Task material |

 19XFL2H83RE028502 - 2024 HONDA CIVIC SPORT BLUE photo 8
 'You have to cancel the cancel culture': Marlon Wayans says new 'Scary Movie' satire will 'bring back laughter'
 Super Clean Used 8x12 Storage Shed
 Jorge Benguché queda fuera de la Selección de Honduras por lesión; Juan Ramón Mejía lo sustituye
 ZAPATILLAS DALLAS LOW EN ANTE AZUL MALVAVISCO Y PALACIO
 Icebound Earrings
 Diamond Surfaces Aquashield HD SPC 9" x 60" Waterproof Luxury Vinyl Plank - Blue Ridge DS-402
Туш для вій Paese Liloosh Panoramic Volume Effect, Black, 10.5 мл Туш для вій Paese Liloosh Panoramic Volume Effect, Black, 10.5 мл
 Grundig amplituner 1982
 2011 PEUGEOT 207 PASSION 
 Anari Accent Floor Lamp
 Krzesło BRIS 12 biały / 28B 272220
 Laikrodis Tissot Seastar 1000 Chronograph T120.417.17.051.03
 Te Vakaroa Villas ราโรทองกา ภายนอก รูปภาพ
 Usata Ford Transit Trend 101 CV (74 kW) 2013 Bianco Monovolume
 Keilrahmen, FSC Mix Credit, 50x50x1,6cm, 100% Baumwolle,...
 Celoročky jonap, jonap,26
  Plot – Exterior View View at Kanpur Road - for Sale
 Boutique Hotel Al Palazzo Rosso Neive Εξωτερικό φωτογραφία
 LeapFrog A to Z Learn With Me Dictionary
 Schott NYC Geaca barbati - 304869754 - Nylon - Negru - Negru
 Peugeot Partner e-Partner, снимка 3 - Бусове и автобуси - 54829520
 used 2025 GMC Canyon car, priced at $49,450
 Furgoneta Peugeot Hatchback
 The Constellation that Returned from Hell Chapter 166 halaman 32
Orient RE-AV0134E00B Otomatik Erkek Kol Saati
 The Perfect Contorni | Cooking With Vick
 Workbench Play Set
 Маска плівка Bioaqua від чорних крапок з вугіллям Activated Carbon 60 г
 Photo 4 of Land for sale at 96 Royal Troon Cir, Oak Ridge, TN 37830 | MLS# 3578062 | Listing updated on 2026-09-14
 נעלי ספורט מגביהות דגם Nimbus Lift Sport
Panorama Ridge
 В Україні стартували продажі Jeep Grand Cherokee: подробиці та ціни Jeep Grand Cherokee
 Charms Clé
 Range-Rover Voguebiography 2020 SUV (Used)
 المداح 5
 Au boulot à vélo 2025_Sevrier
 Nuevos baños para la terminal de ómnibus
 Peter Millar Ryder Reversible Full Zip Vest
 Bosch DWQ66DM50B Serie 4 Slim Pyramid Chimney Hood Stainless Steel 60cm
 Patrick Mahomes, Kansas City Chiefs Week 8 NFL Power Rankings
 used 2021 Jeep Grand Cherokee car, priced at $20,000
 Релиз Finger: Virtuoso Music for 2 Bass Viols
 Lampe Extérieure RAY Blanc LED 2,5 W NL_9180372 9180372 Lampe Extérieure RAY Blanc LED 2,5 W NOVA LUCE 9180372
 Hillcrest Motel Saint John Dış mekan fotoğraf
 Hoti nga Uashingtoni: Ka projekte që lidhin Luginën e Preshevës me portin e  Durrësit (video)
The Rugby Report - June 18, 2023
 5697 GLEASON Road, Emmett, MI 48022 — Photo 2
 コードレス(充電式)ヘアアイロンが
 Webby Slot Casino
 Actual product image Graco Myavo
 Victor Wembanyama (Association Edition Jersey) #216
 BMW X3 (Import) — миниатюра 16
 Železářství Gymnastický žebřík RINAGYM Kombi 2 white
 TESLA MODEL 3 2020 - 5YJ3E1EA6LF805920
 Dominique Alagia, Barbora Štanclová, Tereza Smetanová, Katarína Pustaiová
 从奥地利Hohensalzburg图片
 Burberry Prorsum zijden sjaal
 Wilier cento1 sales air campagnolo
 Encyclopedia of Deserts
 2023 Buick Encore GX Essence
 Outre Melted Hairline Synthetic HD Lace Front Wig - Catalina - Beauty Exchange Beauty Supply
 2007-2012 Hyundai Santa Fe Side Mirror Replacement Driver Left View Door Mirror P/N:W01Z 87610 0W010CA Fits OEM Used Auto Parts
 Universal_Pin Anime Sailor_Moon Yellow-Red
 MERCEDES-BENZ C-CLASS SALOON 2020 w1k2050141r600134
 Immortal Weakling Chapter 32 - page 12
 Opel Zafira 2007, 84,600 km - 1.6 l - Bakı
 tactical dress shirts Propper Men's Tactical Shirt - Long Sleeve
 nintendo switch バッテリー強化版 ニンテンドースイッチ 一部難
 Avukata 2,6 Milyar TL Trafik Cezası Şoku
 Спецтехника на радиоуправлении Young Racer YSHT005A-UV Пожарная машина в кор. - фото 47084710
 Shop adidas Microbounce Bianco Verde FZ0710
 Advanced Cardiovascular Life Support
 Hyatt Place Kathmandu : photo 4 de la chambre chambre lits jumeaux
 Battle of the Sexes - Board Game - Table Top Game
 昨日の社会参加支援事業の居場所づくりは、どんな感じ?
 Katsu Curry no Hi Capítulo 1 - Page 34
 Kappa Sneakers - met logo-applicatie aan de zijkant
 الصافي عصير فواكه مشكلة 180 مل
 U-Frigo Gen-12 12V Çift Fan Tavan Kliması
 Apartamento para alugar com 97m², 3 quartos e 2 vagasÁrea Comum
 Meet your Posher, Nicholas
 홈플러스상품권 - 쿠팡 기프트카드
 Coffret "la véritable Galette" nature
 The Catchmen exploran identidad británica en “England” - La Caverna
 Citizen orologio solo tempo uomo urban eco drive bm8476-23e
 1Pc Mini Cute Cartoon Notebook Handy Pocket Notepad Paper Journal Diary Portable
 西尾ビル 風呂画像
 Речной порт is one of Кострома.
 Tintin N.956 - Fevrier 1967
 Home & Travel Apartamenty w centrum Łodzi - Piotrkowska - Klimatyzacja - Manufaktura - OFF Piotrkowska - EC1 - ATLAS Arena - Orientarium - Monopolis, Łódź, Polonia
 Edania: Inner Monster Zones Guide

Try it |
Retype only the lines running from the top of the listing to the line that holds "Grundig amplituner 1982", both ends included.

Answer to this task |
 19XFL2H83RE028502 - 2024 HONDA CIVIC SPORT BLUE photo 8
 'You have to cancel the cancel culture': Marlon Wayans says new 'Scary Movie' satire will 'bring back laughter'
 Super Clean Used 8x12 Storage Shed
 Jorge Benguché queda fuera de la Selección de Honduras por lesión; Juan Ramón Mejía lo sustituye
 ZAPATILLAS DALLAS LOW EN ANTE AZUL MALVAVISCO Y PALACIO
 Icebound Earrings
 Diamond Surfaces Aquashield HD SPC 9" x 60" Waterproof Luxury Vinyl Plank - Blue Ridge DS-402
Туш для вій Paese Liloosh Panoramic Volume Effect, Black, 10.5 мл Туш для вій Paese Liloosh Panoramic Volume Effect, Black, 10.5 мл
 Grundig amplituner 1982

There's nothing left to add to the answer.